## ACTIVITY
Out of the listing below, copy every line that carries the string "with".

## DATA PROVIDED
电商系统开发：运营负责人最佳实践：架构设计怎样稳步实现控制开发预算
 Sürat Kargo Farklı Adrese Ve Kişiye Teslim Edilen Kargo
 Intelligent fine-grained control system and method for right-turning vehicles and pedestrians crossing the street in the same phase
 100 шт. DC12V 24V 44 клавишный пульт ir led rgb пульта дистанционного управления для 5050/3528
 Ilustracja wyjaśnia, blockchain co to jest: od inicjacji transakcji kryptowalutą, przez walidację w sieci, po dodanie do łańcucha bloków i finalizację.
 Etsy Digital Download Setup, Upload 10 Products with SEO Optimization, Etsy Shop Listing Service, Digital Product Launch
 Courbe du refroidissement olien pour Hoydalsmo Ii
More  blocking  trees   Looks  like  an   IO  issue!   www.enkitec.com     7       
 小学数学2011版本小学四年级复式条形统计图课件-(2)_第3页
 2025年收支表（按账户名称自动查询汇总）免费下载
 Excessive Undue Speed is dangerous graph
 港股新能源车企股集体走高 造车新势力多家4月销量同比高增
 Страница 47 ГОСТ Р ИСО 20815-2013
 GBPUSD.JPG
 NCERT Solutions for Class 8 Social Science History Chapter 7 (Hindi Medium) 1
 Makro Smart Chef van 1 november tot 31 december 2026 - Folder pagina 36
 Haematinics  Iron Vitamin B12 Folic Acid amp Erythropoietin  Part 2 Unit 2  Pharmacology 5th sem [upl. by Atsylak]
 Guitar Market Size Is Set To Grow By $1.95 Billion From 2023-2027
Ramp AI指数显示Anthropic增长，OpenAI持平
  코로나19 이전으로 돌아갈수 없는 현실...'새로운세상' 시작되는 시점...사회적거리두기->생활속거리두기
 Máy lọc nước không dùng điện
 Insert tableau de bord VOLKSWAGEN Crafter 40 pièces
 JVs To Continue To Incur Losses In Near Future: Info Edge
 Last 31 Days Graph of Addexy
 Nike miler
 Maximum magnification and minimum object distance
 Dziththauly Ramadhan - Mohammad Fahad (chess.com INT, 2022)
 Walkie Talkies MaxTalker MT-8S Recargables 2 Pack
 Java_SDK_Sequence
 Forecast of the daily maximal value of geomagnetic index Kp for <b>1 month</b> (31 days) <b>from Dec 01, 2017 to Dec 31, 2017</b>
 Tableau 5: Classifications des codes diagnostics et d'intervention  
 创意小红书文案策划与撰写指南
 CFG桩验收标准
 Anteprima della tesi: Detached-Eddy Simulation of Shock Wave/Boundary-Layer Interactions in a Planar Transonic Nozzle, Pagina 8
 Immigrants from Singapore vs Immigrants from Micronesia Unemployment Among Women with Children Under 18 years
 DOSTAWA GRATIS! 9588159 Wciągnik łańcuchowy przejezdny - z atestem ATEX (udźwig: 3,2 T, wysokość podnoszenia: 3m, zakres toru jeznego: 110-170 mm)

## EXERCISE RESPONSE
 Etsy Digital Download Setup, Upload 10 Products with SEO Optimization, Etsy Shop Listing Service, Digital Product Launch
 Immigrants from Singapore vs Immigrants from Micronesia Unemployment Among Women with Children Under 18 years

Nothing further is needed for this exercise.